> [Work request]: On how many lines of these entries does the word "Neck" occur? State the number alone.

───── Raw data ─────

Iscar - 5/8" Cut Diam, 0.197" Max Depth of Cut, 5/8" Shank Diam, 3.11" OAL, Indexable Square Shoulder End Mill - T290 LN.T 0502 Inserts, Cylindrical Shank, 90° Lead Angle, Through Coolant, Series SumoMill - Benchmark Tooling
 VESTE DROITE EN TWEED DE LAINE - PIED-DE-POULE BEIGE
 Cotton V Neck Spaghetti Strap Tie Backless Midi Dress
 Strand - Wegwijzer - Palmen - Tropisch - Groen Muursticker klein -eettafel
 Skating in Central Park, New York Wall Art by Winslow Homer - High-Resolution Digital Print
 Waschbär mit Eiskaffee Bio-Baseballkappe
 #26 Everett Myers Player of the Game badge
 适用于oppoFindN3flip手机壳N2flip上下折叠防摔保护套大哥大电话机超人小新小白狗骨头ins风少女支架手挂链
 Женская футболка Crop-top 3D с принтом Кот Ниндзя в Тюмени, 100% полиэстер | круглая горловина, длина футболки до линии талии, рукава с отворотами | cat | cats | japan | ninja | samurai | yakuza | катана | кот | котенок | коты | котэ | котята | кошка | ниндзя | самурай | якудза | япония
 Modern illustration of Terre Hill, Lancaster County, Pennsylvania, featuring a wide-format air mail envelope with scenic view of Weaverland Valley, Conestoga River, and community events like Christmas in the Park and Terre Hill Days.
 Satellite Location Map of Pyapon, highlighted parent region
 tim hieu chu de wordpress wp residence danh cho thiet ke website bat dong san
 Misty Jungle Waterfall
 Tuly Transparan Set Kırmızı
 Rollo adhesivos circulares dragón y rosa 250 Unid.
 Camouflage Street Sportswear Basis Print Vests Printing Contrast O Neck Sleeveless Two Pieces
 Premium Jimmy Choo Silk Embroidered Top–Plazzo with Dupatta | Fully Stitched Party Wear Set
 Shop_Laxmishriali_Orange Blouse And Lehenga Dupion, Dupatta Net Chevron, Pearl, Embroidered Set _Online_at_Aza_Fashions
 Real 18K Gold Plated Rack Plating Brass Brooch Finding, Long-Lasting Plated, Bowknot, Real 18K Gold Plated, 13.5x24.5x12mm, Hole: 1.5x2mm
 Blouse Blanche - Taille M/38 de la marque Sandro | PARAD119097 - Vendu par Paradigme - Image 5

─────

> [Completed task]: 2